» TO DO
Repeat all the lines below exactly, but omit the pictures.

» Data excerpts
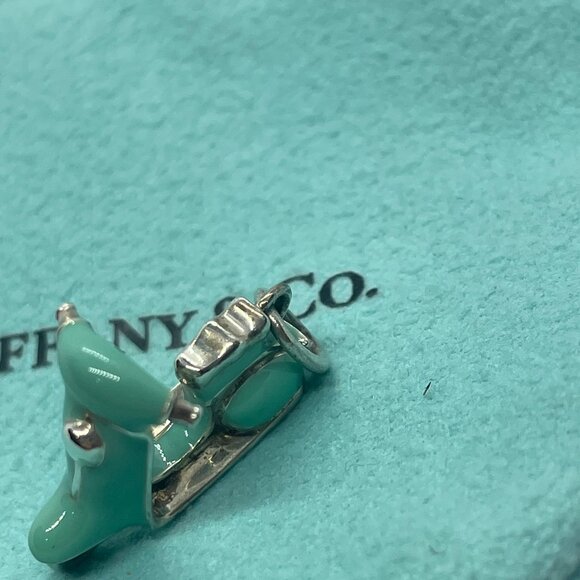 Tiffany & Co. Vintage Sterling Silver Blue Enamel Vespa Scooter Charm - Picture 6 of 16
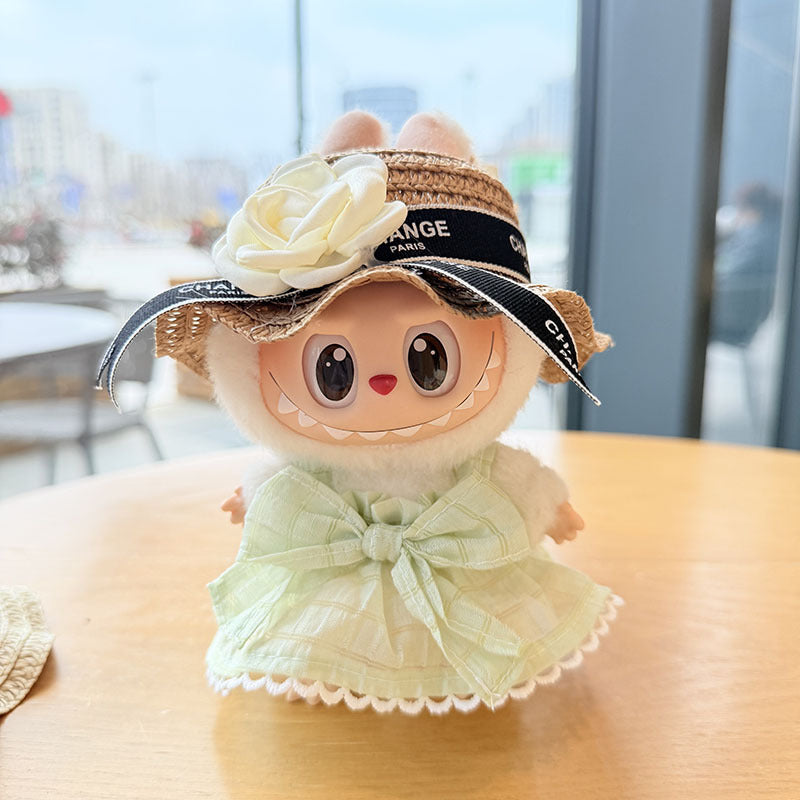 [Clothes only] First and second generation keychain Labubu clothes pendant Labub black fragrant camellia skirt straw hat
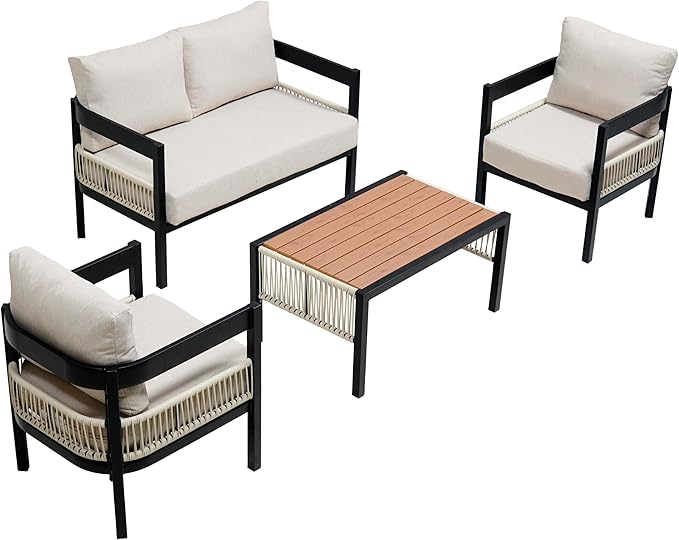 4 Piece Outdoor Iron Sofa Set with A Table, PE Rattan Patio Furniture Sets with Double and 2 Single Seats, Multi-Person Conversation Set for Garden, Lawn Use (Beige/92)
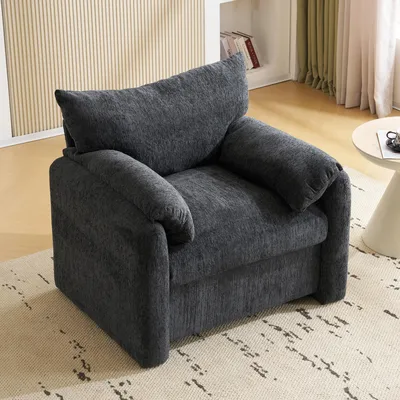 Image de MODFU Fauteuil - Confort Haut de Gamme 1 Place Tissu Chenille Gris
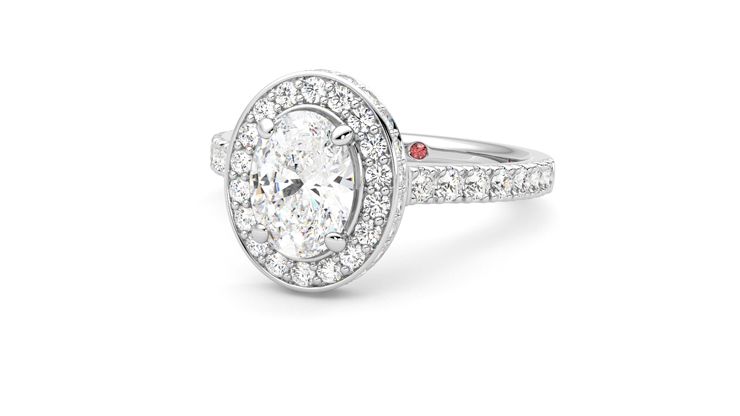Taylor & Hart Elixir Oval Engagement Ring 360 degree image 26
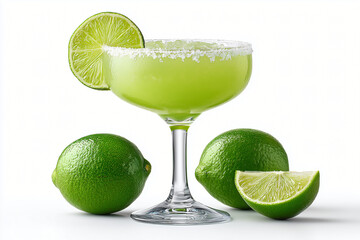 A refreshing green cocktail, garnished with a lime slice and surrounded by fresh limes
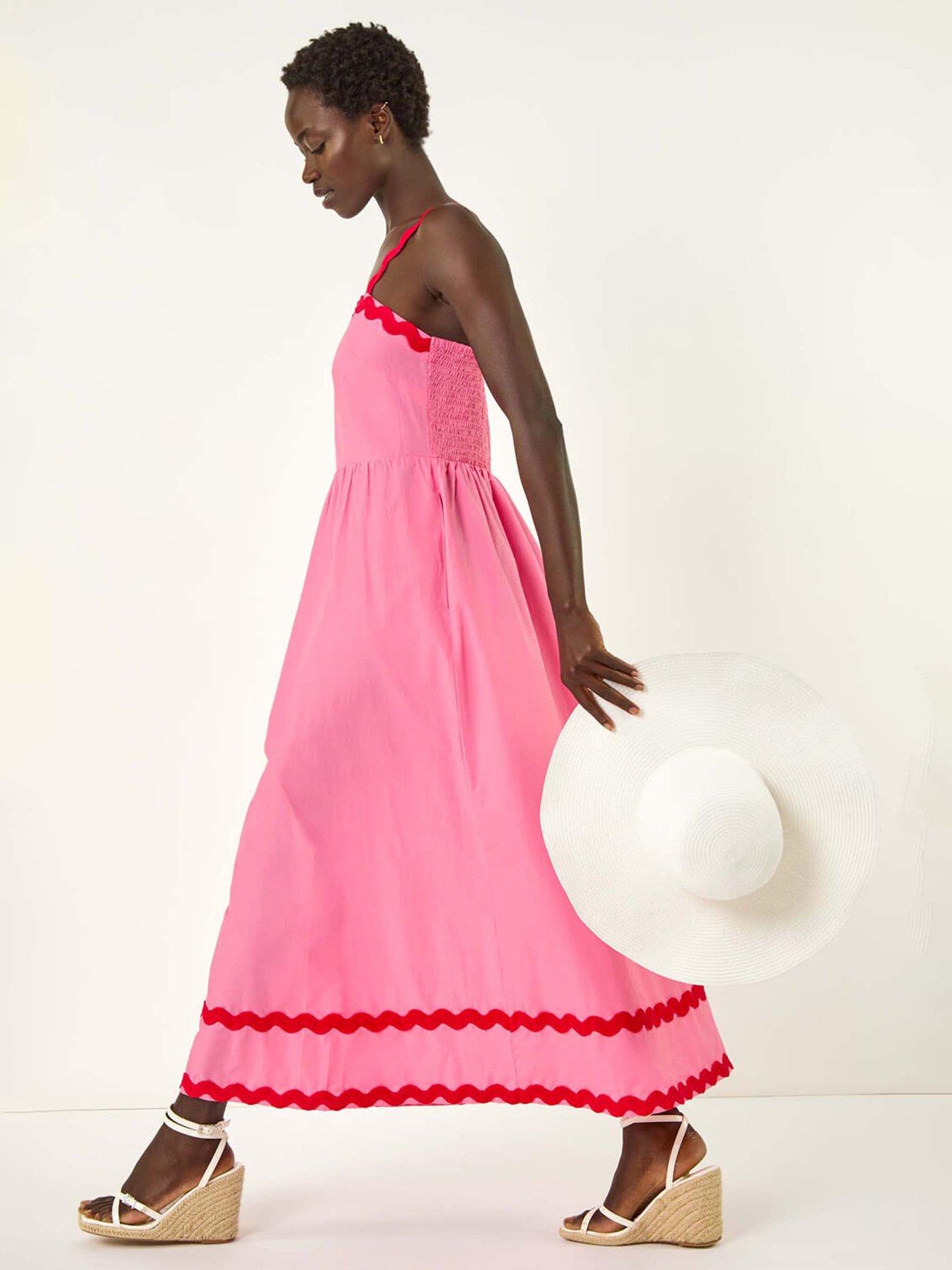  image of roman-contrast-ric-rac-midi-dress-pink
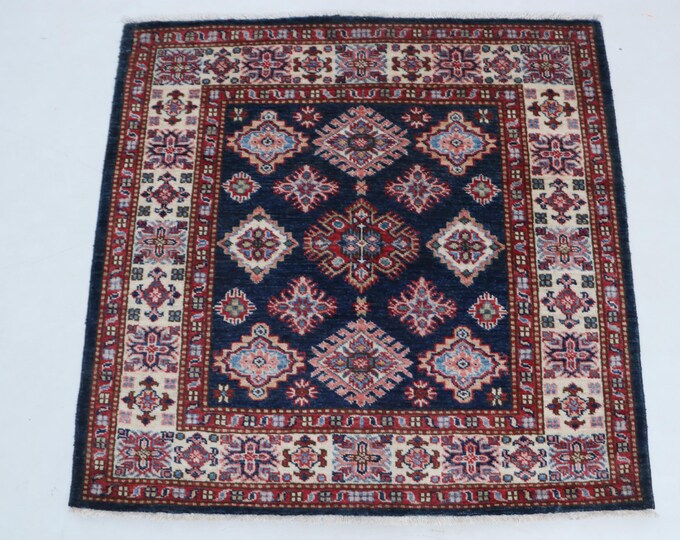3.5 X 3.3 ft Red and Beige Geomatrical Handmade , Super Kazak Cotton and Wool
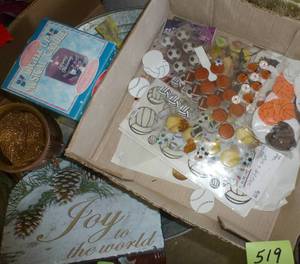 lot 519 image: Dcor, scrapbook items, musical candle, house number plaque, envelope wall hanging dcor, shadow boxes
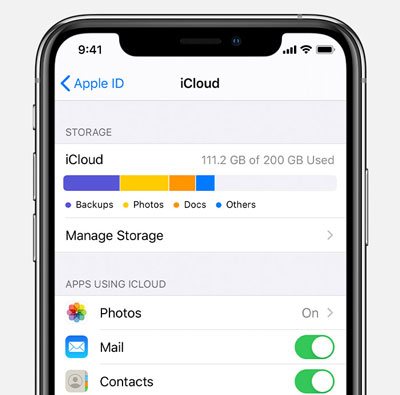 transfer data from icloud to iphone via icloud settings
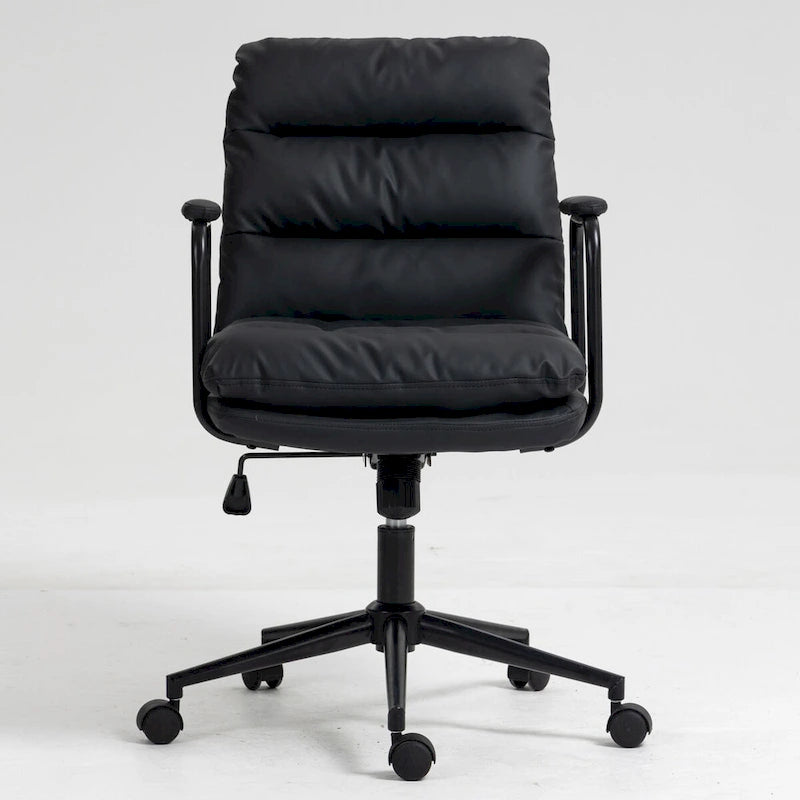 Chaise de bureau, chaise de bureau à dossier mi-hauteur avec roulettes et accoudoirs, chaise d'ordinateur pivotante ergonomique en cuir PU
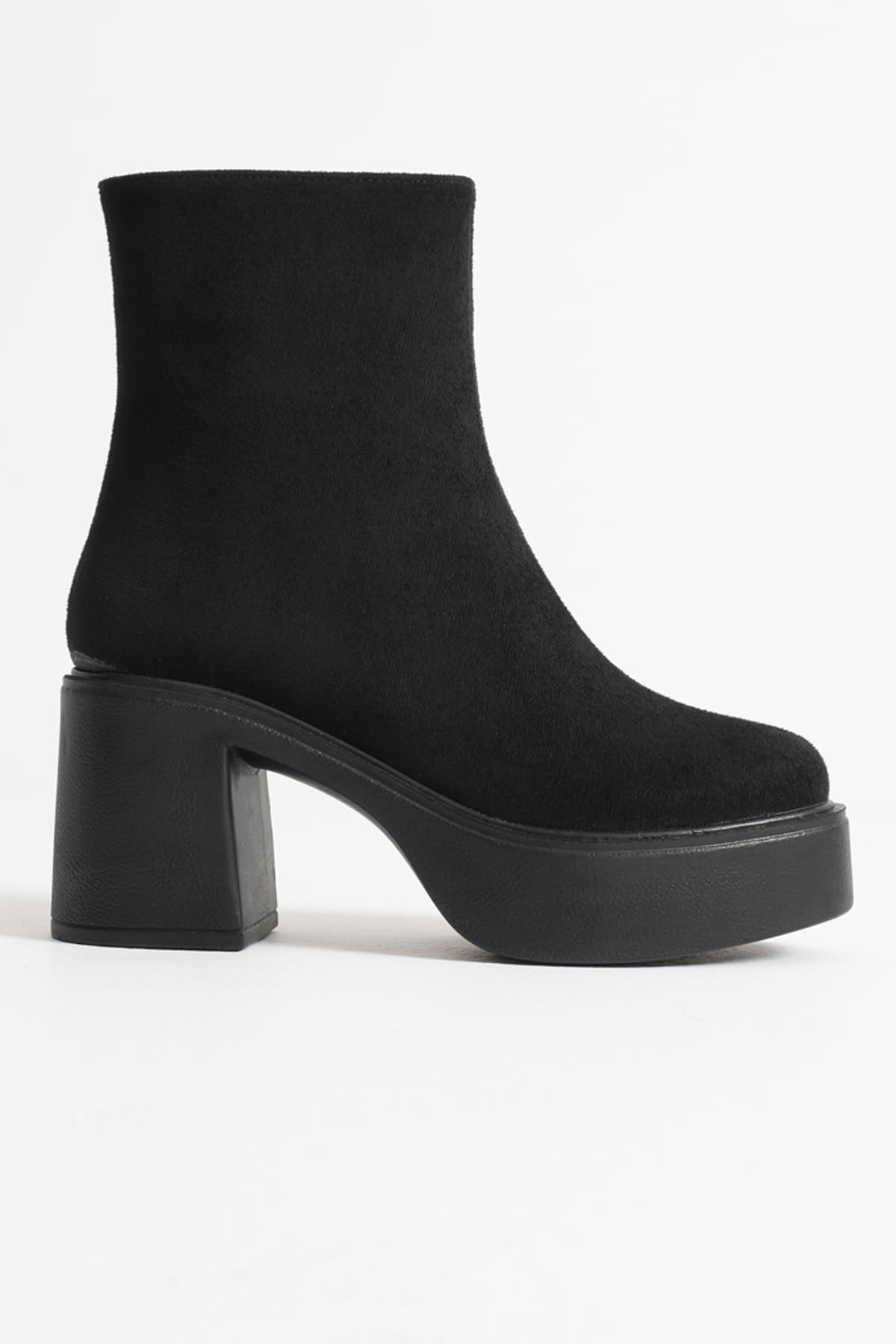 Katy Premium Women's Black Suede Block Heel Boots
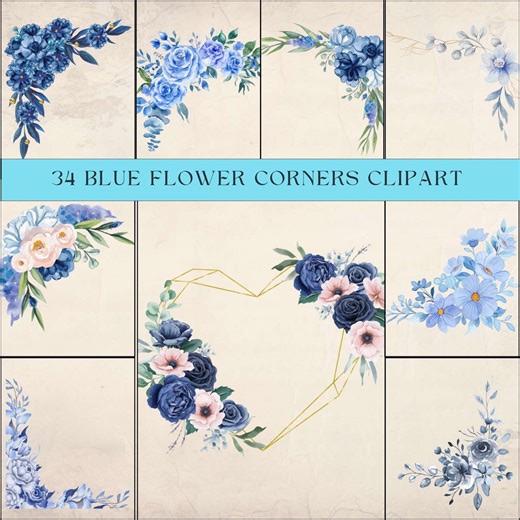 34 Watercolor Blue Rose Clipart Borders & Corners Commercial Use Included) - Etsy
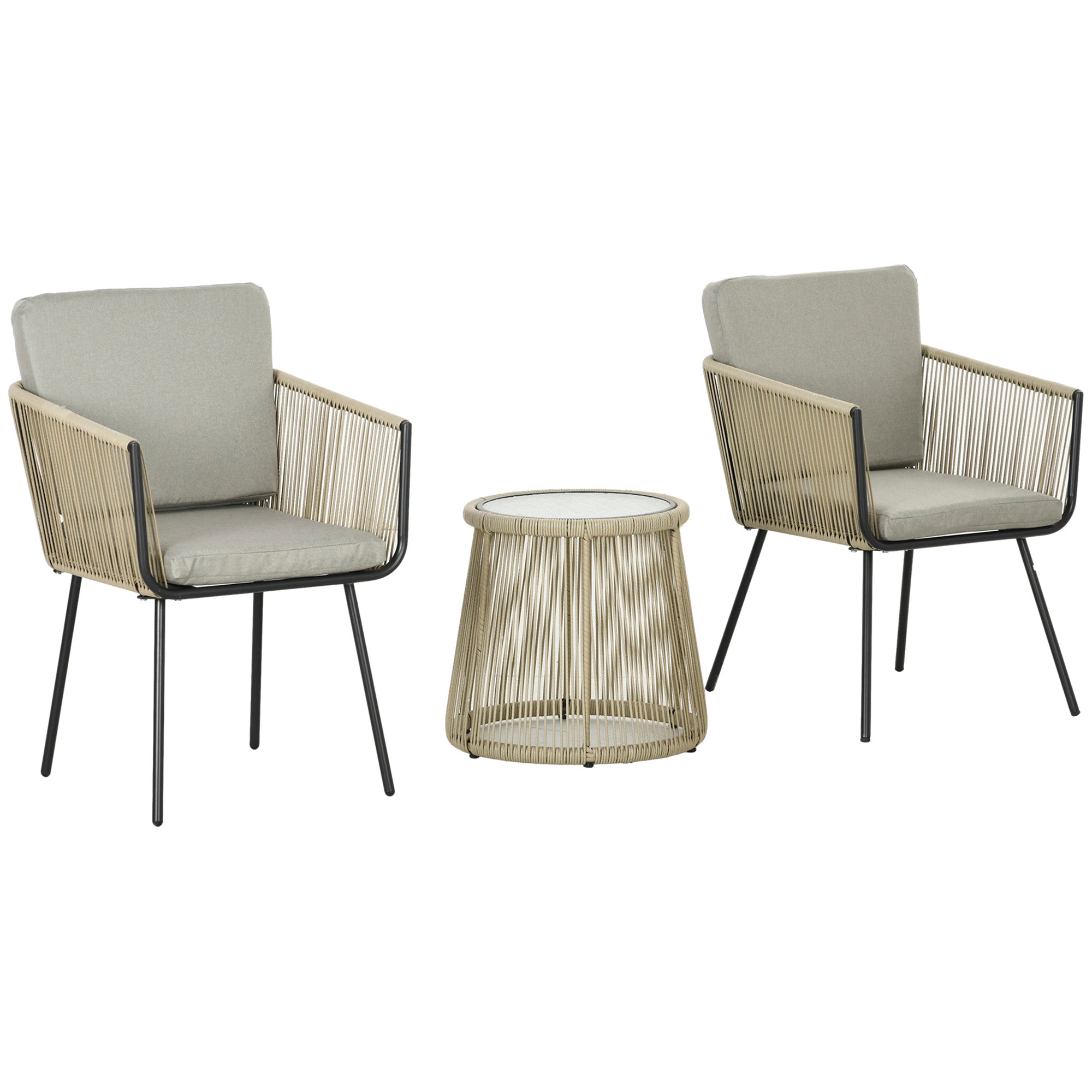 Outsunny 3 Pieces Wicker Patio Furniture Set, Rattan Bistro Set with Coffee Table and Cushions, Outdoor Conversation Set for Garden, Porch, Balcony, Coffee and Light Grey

» RESULT OF THE TASK
 Tiffany & Co. Vintage Sterling Silver Blue Enamel Vespa Scooter Charm - Picture 6 of 16
 [Clothes only] First and second generation keychain Labubu clothes pendant Labub black fragrant camellia skirt straw hat
 4 Piece Outdoor Iron Sofa Set with A Table, PE Rattan Patio Furniture Sets with Double and 2 Single Seats, Multi-Person Conversation Set for Garden, Lawn Use (Beige/92)
 Image de MODFU Fauteuil - Confort Haut de Gamme 1 Place Tissu Chenille Gris
Taylor & Hart Elixir Oval Engagement Ring 360 degree image 26
 A refreshing green cocktail, garnished with a lime slice and surrounded by fresh limes
  image of roman-contrast-ric-rac-midi-dress-pink
3.5 X 3.3 ft Red and Beige Geomatrical Handmade , Super Kazak Cotton and Wool
 lot 519 image: Dcor, scrapbook items, musical candle, house number plaque, envelope wall hanging dcor, shadow boxes
 transfer data from icloud to iphone via icloud settings
 Chaise de bureau, chaise de bureau à dossier mi-hauteur avec roulettes et accoudoirs, chaise d'ordinateur pivotante ergonomique en cuir PU
 Katy Premium Women's Black Suede Block Heel Boots
 34 Watercolor Blue Rose Clipart Borders & Corners Commercial Use Included) - Etsy
 Outsunny 3 Pieces Wicker Patio Furniture Set, Rattan Bistro Set with Coffee Table and Cushions, Outdoor Conversation Set for Garden, Porch, Balcony, Coffee and Light Grey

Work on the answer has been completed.